1 files changed, 47 insertions, 5 deletions
diff --git a/java/src/com/android/inputmethod/latin/StringUtils.java b/java/src/com/android/inputmethod/latin/StringUtils.java
index 90c3fcdd2..59ad28fc9 100644
--- a/java/src/com/android/inputmethod/latin/StringUtils.java
+++ b/java/src/com/android/inputmethod/latin/StringUtils.java
@@ -22,6 +22,10 @@ import java.util.ArrayList;
 import java.util.Locale;
 
 public final class StringUtils {
+    public static final int CAPITALIZE_NONE = 0;  // No caps, or mixed case
+    public static final int CAPITALIZE_FIRST = 1; // First only
+    public static final int CAPITALIZE_ALL = 2;   // All caps
+
     private StringUtils() {
         // This utility class is not publicly instantiable.
     }
@@ -111,11 +115,12 @@ public final class StringUtils {
         // - This does not work for Greek, because it returns upper case instead of title case.

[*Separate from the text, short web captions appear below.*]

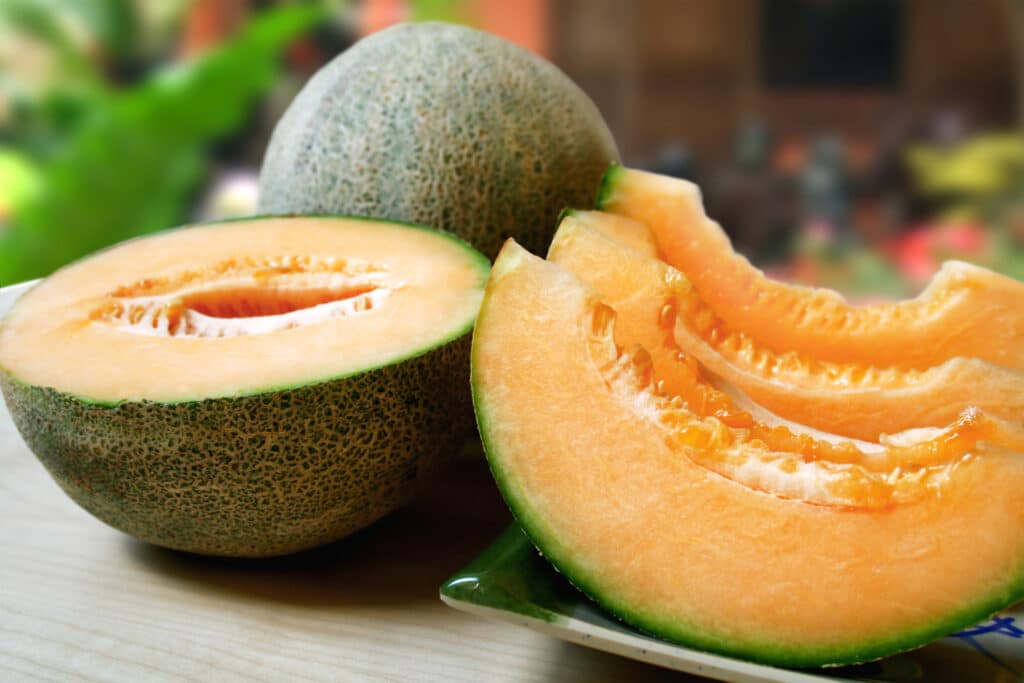 Minnesota Cantaloupe Salmonella Recall Lawsuit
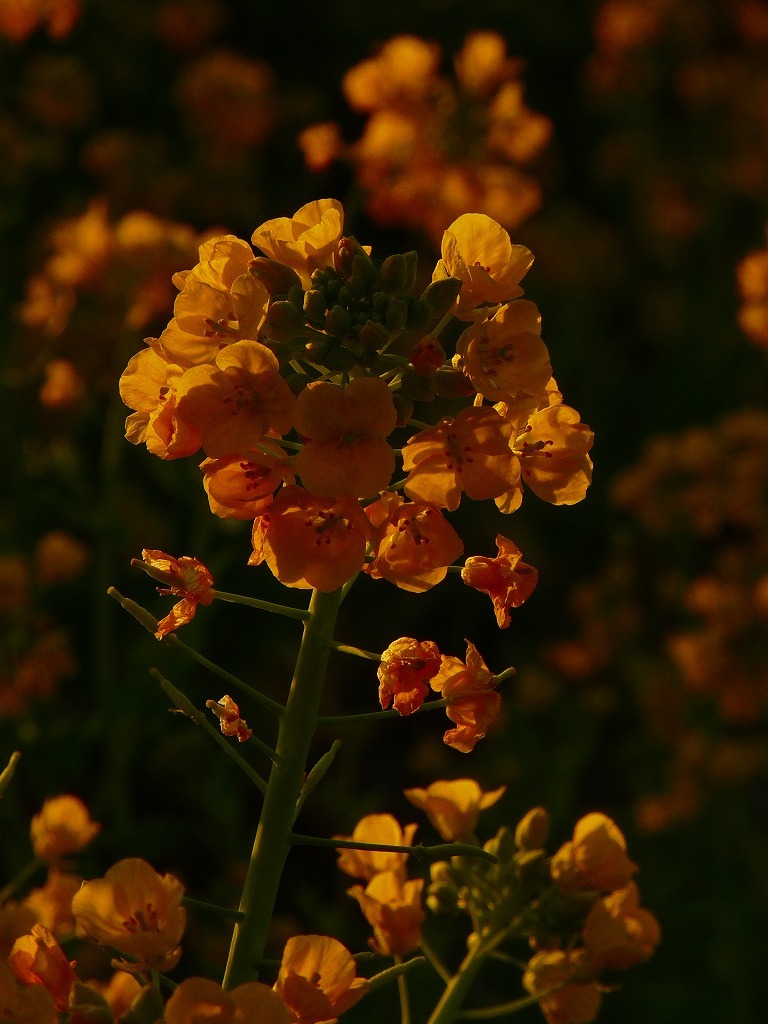 夕暮れの葉の花2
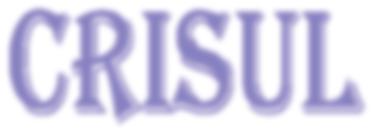 Acesta urma să fie utilizat ca sediu al Judecătoriei Chișineu-Criș. Deși sumele necesare reamenajării imobilului au fost alocate, începutul lunii septembrie găsește proiectul nefinalizat.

         // - It does not work for Serbian, because it fails to account for the "lj" character,
         // which should be "Lj" in title case and "LJ" in upper case.
-        // - It does not work for Dutch, because it fails to account for the "ij" digraph, which
-        // are two different characters but both should be capitalized as "IJ" as if they were
-        // a single letter.
-        // - It also does not work with unicode surrogate code points.
-        return s.toUpperCase(locale).charAt(0) + s.substring(1);
+        // - It does not work for Dutch, because it fails to account for the "ij" digraph when it's
+        // written as two separate code points. They are two different characters but both should
+        // be capitalized as "IJ" as if they were a single letter in most words (not all). If the
+        // unicode char for the ligature is used however, it works.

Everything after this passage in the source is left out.